Tasse record, CGIA Mestre: ogni italiano pagherà quasi 12 mila euro

Quasi 12 mila euro a persona, bambini e ultracentenari compresi: sono le tasse e i contributi che verserà ogni italiano quest’anno, ben il 125% in più se raffrontato al 1980. La pressione fiscale nel 2013 raggiungerà “il record storico del 45,1% del Pil, ben 13,7 punti percentuali in più rispetto al 1980”. In termini assoluti, significa appunto che ciascun italiano verserà quest’anno un carico di imposte, tasse e contributi pari a 11.735 euro. I dati sono della CGIA di Mestre, che attualizza i numeri del 1980 al 2012 e afferma che il gettito fiscale e contributivo del 1980 era pari a 63,8 miliardi di euro, mentre alla fine del 2013 finiranno nelle casse dello Stato ben 714,3 miliardi di euro.

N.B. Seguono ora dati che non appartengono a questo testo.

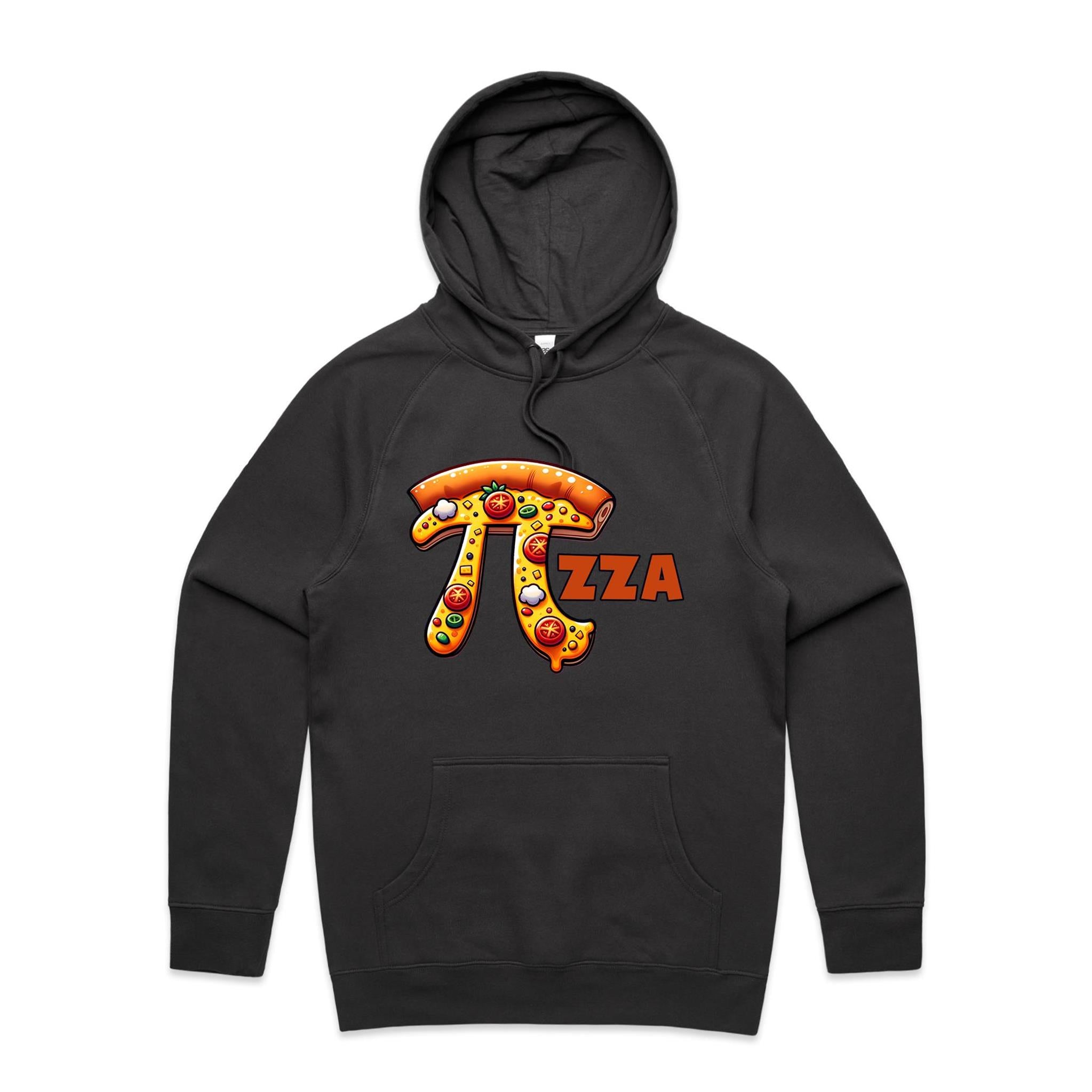 Pi Pizza - Supply Hood Coal Mens Hoodie Food Maths Printed In Australia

Il dato relativo alla pressione fiscale calcolato per l’anno in corso, fa notare la CGIA, è leggermente inferiore al dato previsto nell’autunno scorso dal Documento di economia e finanza (45,3%). Ciò è da ascrivere al fatto che le stime della CGIA hanno tenuto conto delle disposizioni fiscali introdotte dal Parlamento con la Legge di stabilità che, per l’anno in corso, ridurrà di 0,2 punti percentuali la pressione fiscale. Ma il risultato non cambia, anzi fa sì che si debba lavorare fino a metà giugno per pagare il fisco. Spiega infatti il segretario CGIA Giuseppe Bortolussi: “Oltre a tener conto che per i contribuenti onesti la pressione fiscale reale si attesta ormai sopra il 54%, quando quest’ultima si calcola al netto dell’economia sommersa, possiamo tranquillamente affermare che nel 2013 gli italiani lavoreranno per il fisco sino alla metà di giugno. Una cosa insopportabile.”